ВЯЧЕСЛАВ МЕШКОВ ЭТО СЛУЧИЛОСЬ НА РАССВЕТЕ


…Любовь стала мыслью, и мысль в ненависти и отчаянии истребляла тот мир, где невозможно то, что единственно нужно человеку, - душа другого человека…

А. Платонов. Потомки солнца


Наверное, можно понять - хотя трудно простить! - почему я ее не вспоминал. После этого я был маленьким мальчиком и, быть может, именно тогда я забыл о ней. Тогда у меня были иные мысли, иные чувства: я жил в потрясении громадностью мира и больше всего на свете боялся потерять свою мать. Потом, смутно помнится, я был никому не нужным, талантливым русским богомазом; затем тысячу лет жил даосским отшельником в безлюдных, коряво-голубых китайских “шань”.

Прохладный снег хлопьями падал на узкую долину, на сухие коробочки лотоса в замерзшем пруду, а я писал, писал что-то блестящей тушью под масляным светильником. Мне неизвестна судьба тех рукописей, но, как я теперь полагаю, в них были крупицы истинной мудрости, и мне было бы жаль узнать, что они не сохранились.

Потом я был еще кем-то, еще и еще - при желании можно вспомнить или представить - если Вам, мой читатель, это показалось бы интересным. Но главное - я всегда был Он. Так уж, видно, суждено: если ты однажды явился на свет тем, что называется Он, то, что зовется Она, для тебя навсегда останется тайной. Между понятием “Он” и понятием “Она” такая же пропасть, как между жизнью и небытием, но в то же время что может быть и ближе друг другу, чем Он и Она!

А потом я многие тысячелетия мчался в пространстве на гребне солнечного луча. То есть я только сознавал, что мчался; на самом же деле не было ни вихря, ни свиста в ушах - лишь тишина и покой.
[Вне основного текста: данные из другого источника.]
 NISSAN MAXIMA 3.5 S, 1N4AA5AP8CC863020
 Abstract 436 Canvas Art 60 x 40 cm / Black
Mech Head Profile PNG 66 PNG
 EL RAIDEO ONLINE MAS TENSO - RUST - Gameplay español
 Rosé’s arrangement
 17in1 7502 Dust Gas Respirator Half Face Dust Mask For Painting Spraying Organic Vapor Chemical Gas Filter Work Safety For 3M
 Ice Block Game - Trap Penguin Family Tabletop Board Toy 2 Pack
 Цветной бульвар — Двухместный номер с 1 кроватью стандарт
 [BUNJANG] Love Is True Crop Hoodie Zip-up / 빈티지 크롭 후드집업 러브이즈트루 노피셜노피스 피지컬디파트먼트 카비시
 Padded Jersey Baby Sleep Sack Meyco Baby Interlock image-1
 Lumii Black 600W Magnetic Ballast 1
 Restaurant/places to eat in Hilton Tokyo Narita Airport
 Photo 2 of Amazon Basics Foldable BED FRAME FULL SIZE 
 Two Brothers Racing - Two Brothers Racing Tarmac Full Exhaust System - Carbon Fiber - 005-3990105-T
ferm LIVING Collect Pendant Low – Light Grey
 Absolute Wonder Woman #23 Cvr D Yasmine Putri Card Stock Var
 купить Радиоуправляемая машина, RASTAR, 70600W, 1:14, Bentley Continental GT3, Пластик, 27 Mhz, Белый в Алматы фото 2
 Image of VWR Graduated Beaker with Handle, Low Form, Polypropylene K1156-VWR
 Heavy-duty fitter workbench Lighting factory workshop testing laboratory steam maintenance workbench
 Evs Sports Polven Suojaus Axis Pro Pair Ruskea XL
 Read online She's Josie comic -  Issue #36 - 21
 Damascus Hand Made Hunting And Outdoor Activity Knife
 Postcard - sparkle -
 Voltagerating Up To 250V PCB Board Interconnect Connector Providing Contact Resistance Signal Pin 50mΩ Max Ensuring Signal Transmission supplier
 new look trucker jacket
И только едва заметное в веках изменение в расположении звезд говорило о том, что я лечу с небывалой скоростью. Я был спокоен. Я так привык к жизни, что меня уже ничего не могло удивить, поразить, обидеть… Но все чаще я стал испытывать странное ощущение. Вокруг меня была бесконечность Вселенной, казалось бы, я мог распоряжаться ею и собой как угодно, но мне было тесно! Я чувствовал себя в каменном мешке (была в древности такая пытка). Хотелось распрямиться, распластаться, обнять руками и осязать весь мир или же, напротив, сжаться в комок и, достигнув критической массы, - разорваться ослепительным, очищающим взрывом. Увы, это было невозможно! Наконец, я понял, что муки мои - от подсознательного ощущения своего бессмертия.

И тогда я вернулся на Землю. Я родился… родился вместе с мечтой, которую я принимал порой - и охотно - за воспоминания.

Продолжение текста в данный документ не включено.